◆ **Exercise details**: Set down the full listing below word for word; pictures stay out of the copy.

BEGIN Recorded information

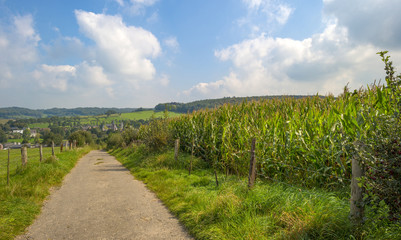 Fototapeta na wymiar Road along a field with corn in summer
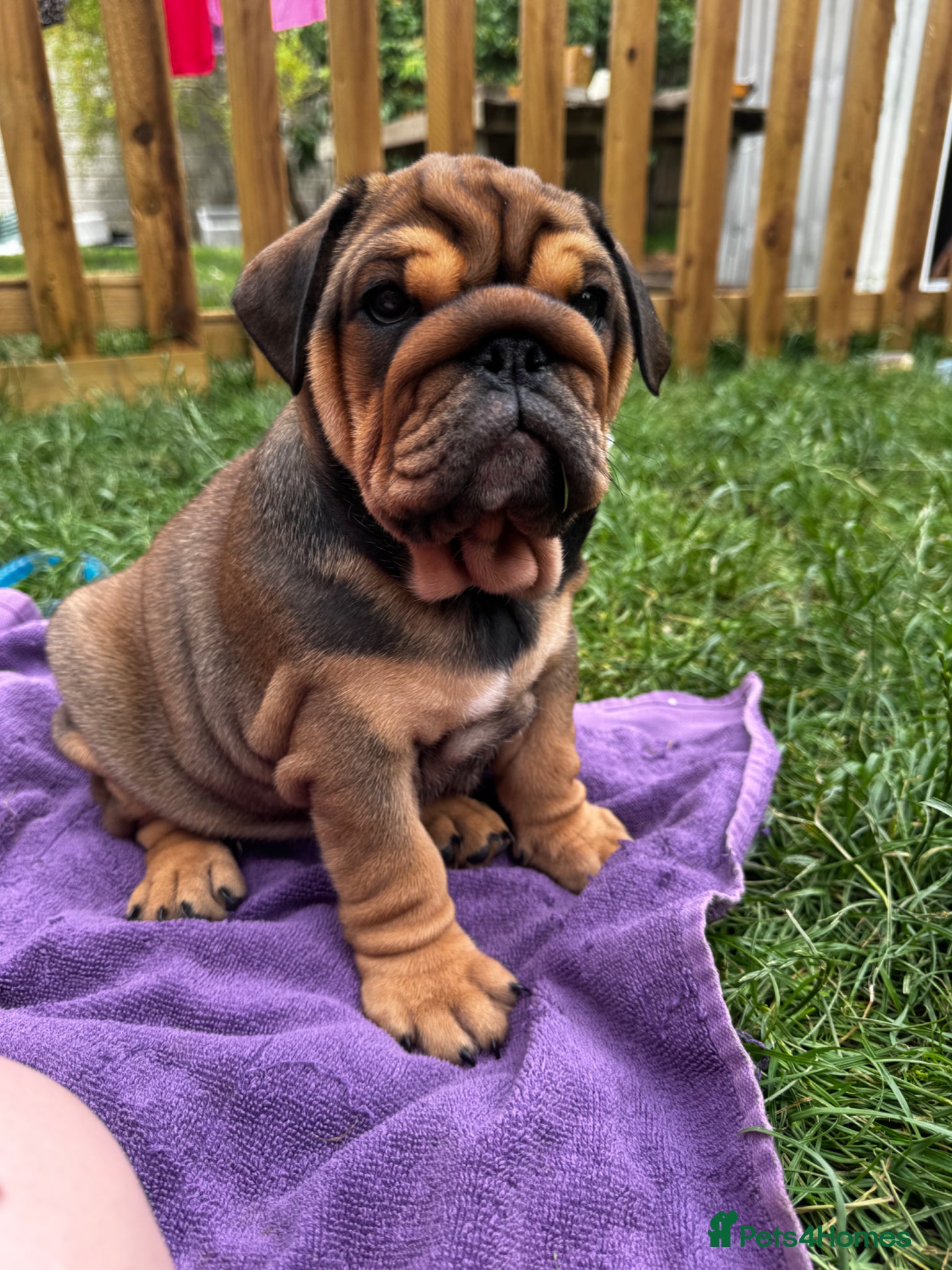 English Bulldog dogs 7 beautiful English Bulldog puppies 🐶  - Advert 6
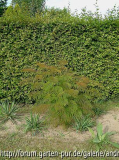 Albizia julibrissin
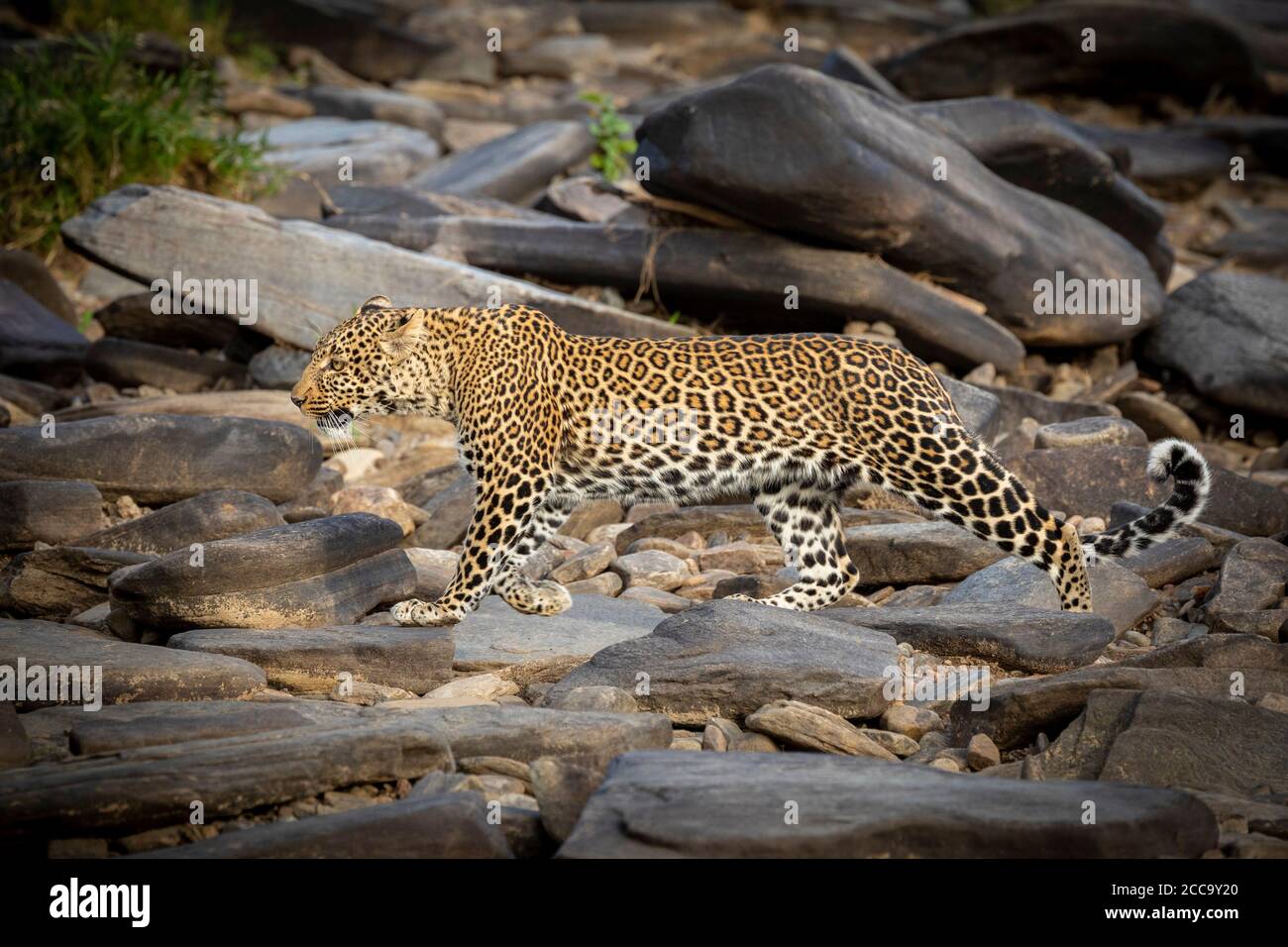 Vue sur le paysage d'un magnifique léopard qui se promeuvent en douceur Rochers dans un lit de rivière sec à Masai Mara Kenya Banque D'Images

END Recorded information

◆ **Finished task**:
 Fototapeta na wymiar Road along a field with corn in summer
 English Bulldog dogs 7 beautiful English Bulldog puppies 🐶  - Advert 6
 Albizia julibrissin
 Vue sur le paysage d'un magnifique léopard qui se promeuvent en douceur Rochers dans un lit de rivière sec à Masai Mara Kenya Banque D'Images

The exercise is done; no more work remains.